# Problem to solve
Print the data exactly. Pictures stay out.

# Recorded data
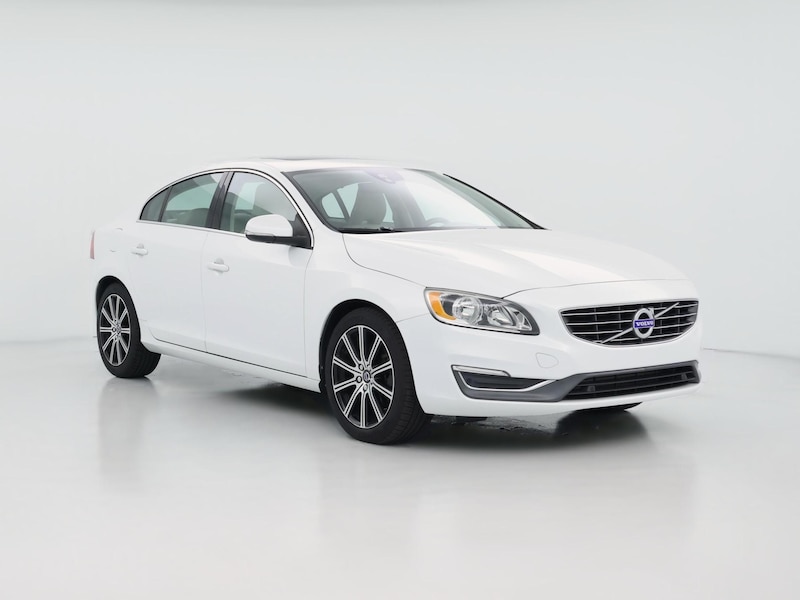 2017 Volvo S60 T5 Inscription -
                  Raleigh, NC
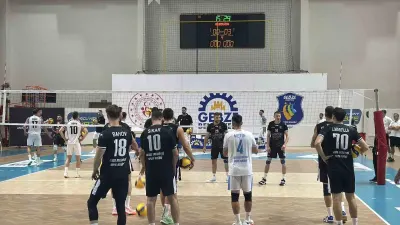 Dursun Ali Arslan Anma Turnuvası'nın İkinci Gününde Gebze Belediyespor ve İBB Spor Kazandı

# Task output
 2017 Volvo S60 T5 Inscription -
                  Raleigh, NC
 Dursun Ali Arslan Anma Turnuvası'nın İkinci Gününde Gebze Belediyespor ve İBB Spor Kazandı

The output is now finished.